13 US Regions Awarded $195 Million in DOL Funding for WIRED Initiative
The U.S. Department of Labor recently awarded $195 million in grants from the  Workforce Innovation in Regional Economic Development (WIRED) program to 13 regions across the nation.  Winners were chosen from 100 applicants for having ideal public and private business partnerships.  Each of the 13 regions will receive about $15 million in funding over three years to stimulate innovation and education in the tech sector.  Funding will strategy development, regional network formulation and plan implementation.

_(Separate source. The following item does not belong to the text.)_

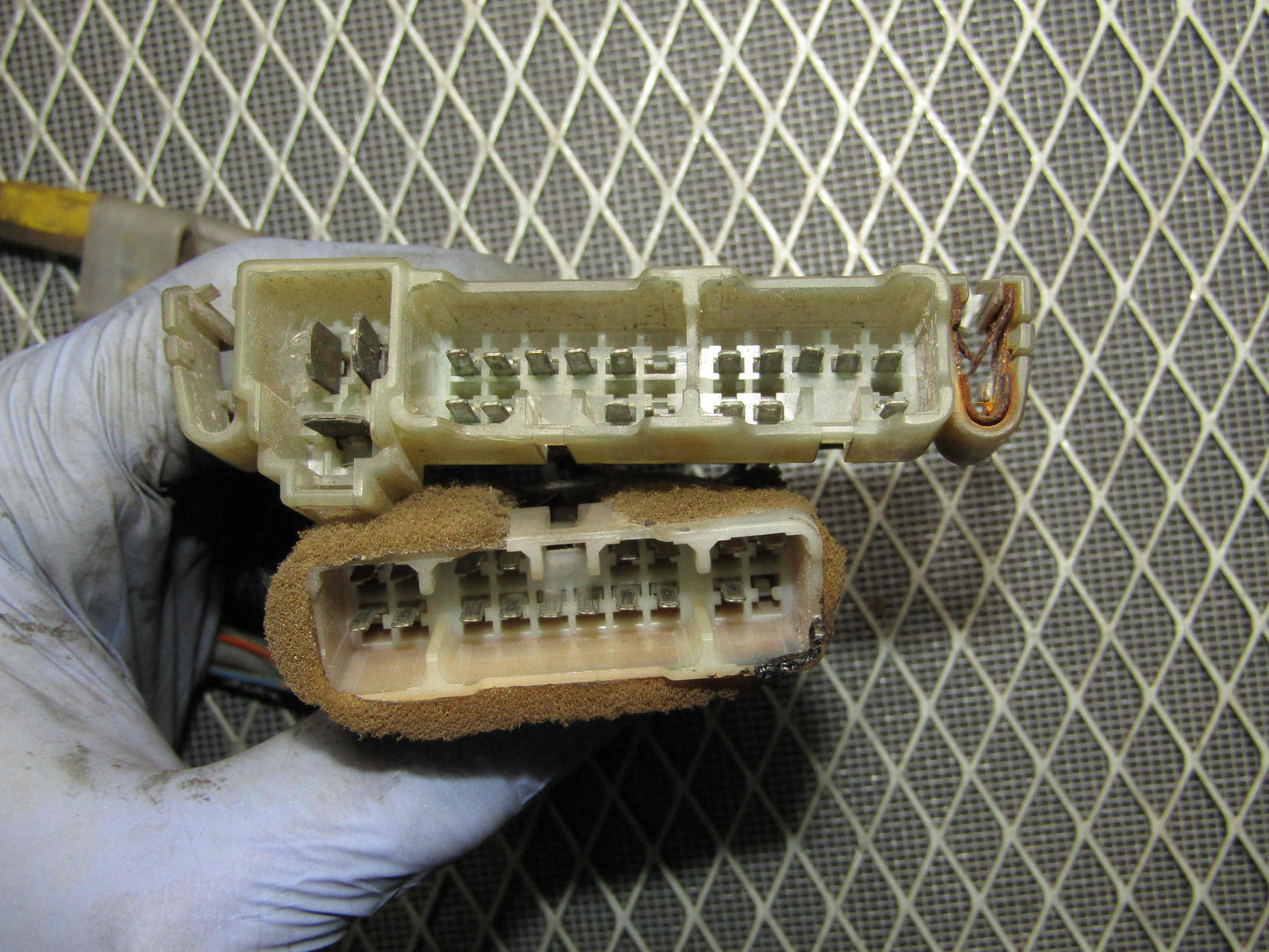 87 88 89 90 91 Toyota Crown Royal Saloon OEM Rear A/C Control Switch Wiring Harness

The regions receiving grants include Coastal Maine; Northeast Pennsylvania; Upstate New York; Piedmont Triad North Carolina; Central Michigan; Western Michigan; the Florida Panhandle; Western Alabama and Eastern Mississippi; North Central Indiana; Greater Kansas City; Denver Metro Region; Central and Eastern Montana; and the California Coast.  Connecticut submitted three WIRED proposals broadly covering Eastern Connecticut and Southern Rhode Island, the Bridgeport, Norwalk and Stamford area, and a third targeting the Northwest and North Central regions of the state, along the I-91 and I-84 corridors.
 

See http://www.doleta.gov/ for more information about WIRED, including project summaries for the winning regions.  See also INC. magazine.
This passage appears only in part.